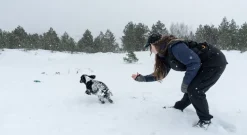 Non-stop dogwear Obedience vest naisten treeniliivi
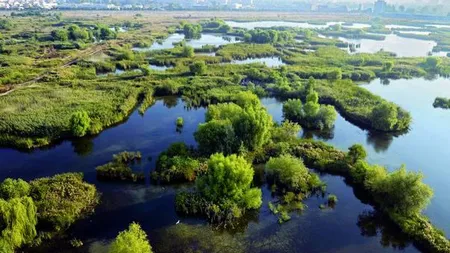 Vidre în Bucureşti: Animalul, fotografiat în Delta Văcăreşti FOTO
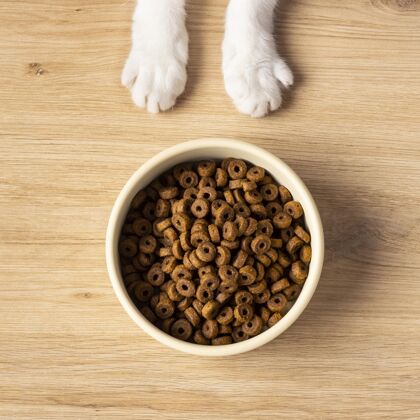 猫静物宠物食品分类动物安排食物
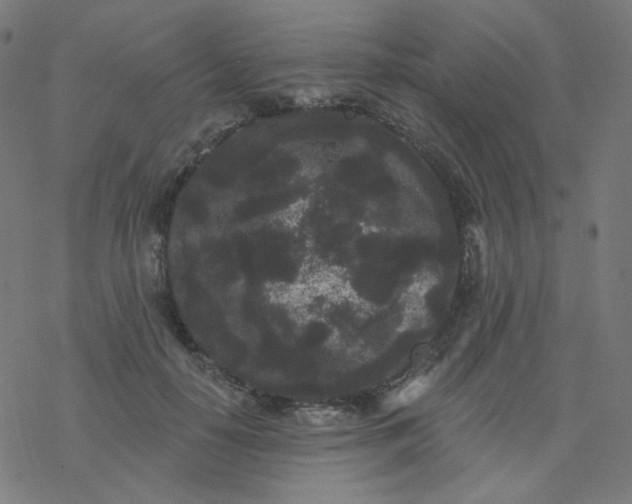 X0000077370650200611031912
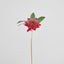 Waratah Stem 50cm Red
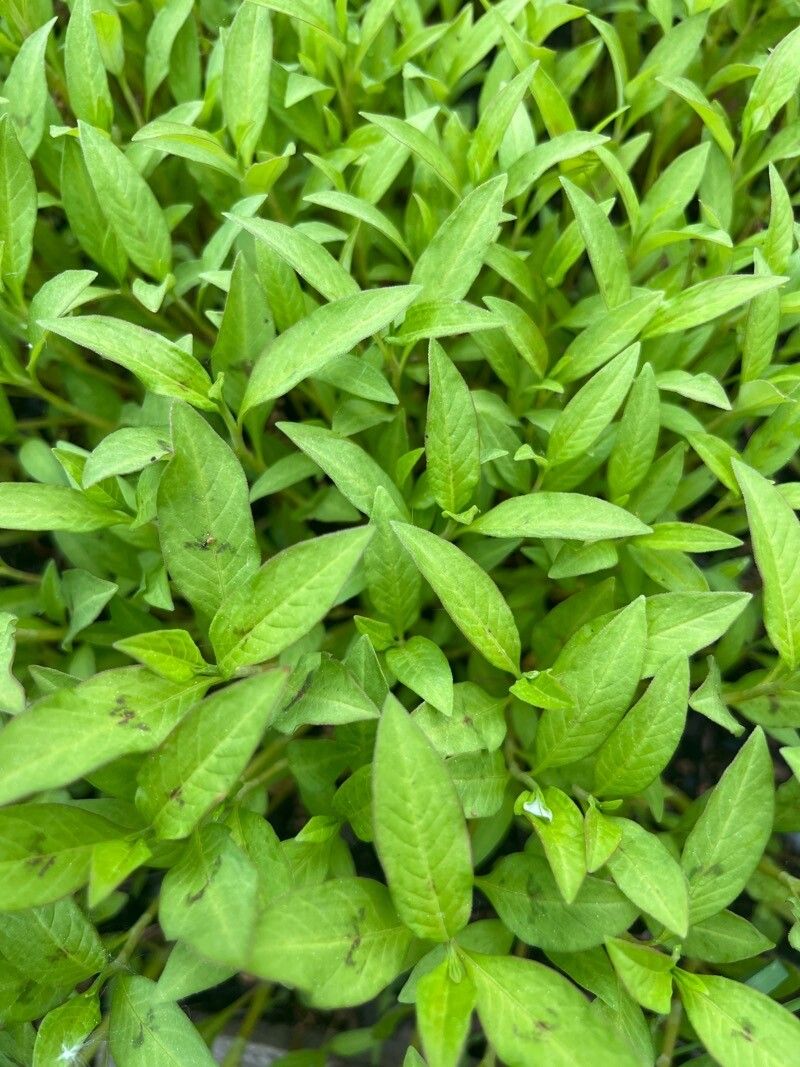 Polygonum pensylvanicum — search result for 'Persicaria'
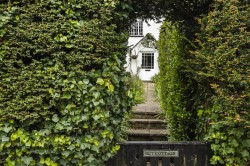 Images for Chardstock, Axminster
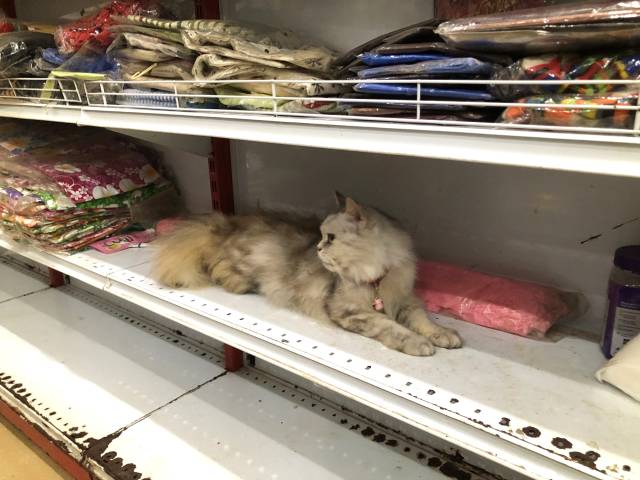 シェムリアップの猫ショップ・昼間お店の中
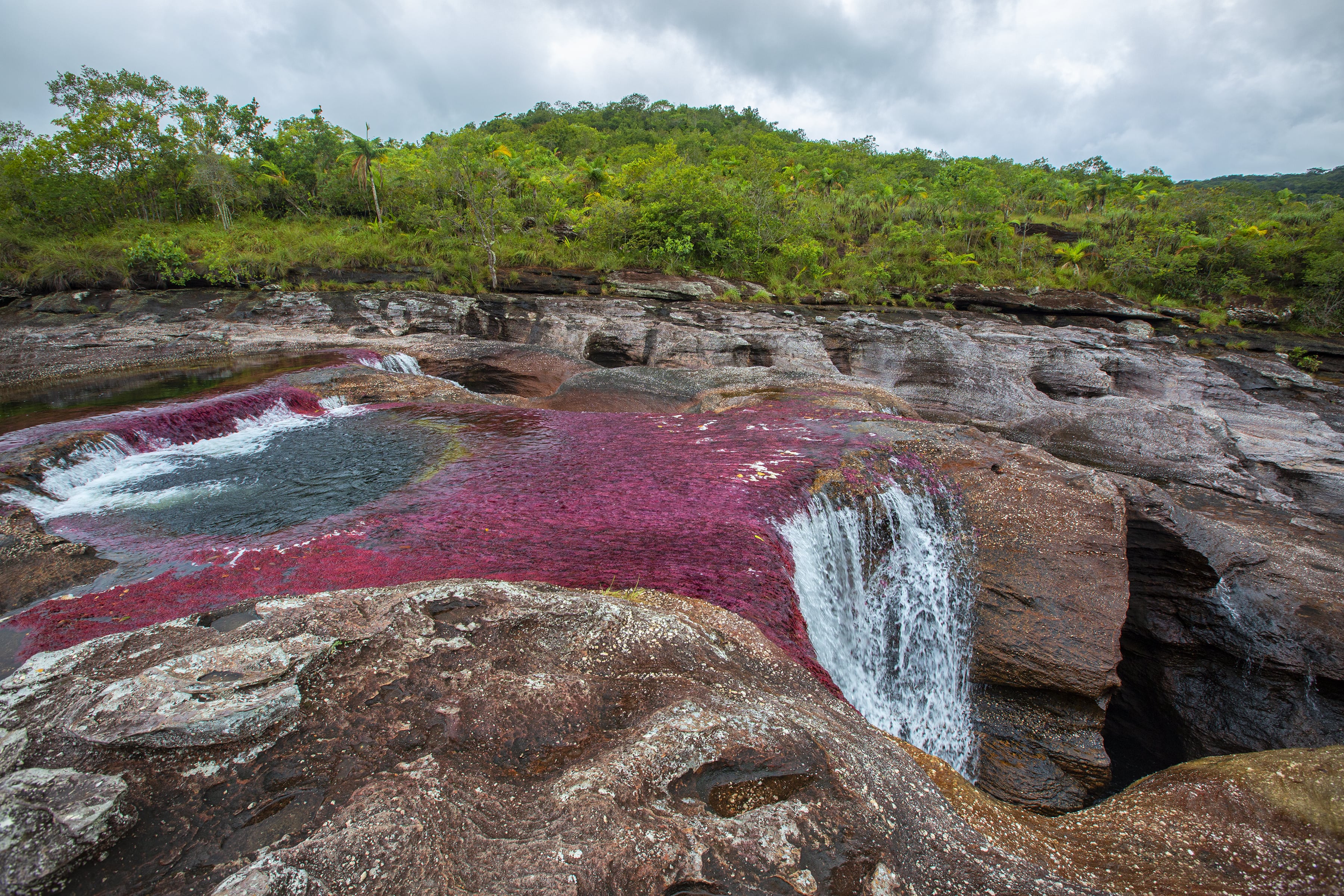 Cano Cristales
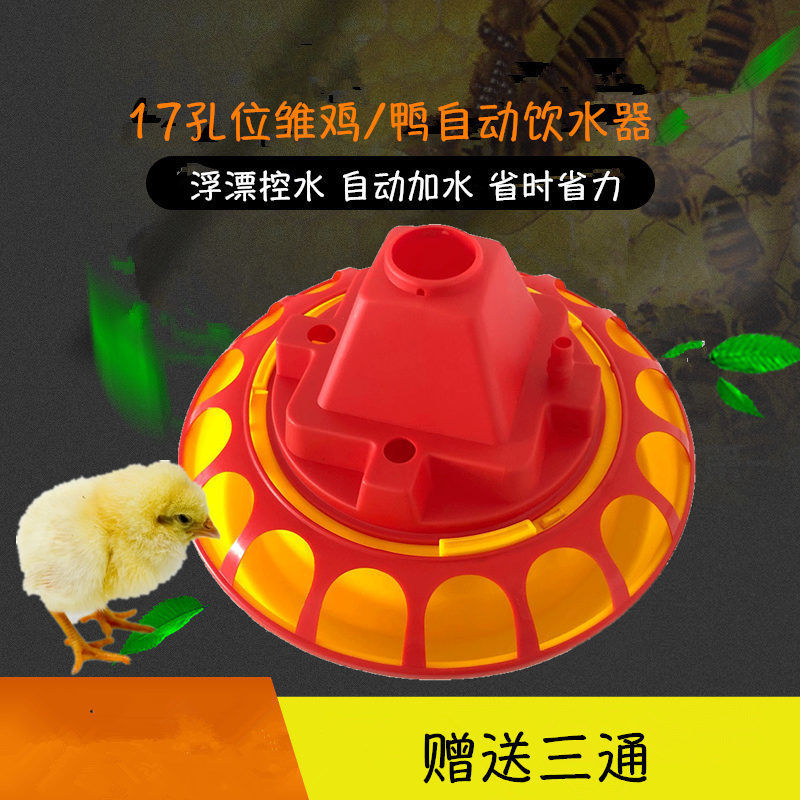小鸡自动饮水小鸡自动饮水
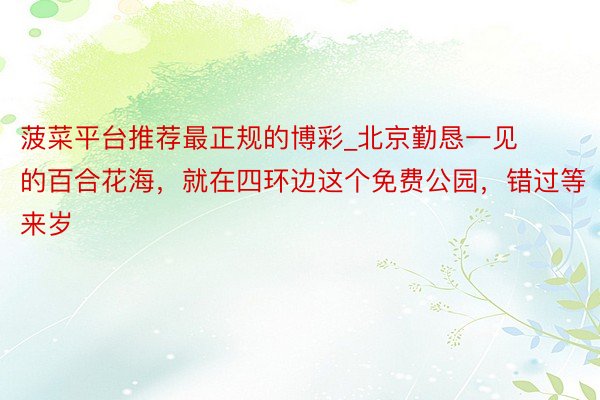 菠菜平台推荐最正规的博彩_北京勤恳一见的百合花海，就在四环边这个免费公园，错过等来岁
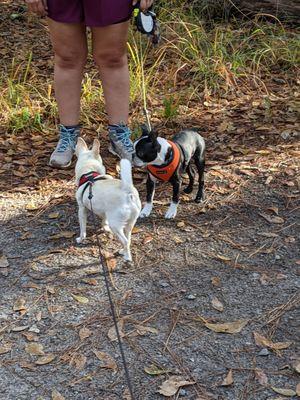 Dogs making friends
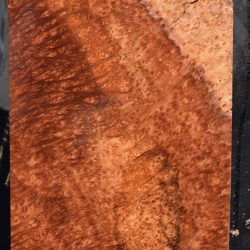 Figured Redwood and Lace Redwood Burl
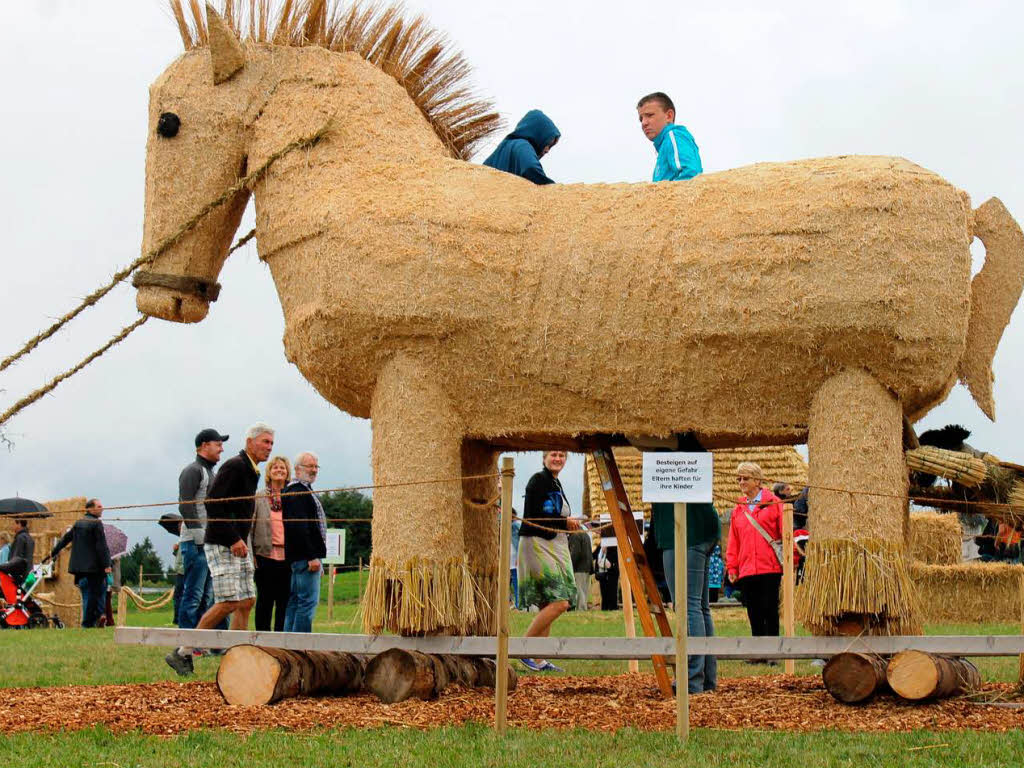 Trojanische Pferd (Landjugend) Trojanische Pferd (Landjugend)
++++
** WHAT THIS TASK INVOLVES **
Output all of the data exactly as it stands, minus any images.

** RESULT OF THIS EXERCISE **
 Non-stop dogwear Obedience vest naisten treeniliivi
 Vidre în Bucureşti: Animalul, fotografiat în Delta Văcăreşti FOTO
 猫静物宠物食品分类动物安排食物
 X0000077370650200611031912
 Waratah Stem 50cm Red
 Polygonum pensylvanicum — search result for 'Persicaria'
 Images for Chardstock, Axminster
 シェムリアップの猫ショップ・昼間お店の中
 Cano Cristales
小鸡自动饮水小鸡自动饮水
 菠菜平台推荐最正规的博彩_北京勤恳一见的百合花海，就在四环边这个免费公园，错过等来岁
 Dogs making friends
 Figured Redwood and Lace Redwood Burl
 Trojanische Pferd (Landjugend) Trojanische Pferd (Landjugend)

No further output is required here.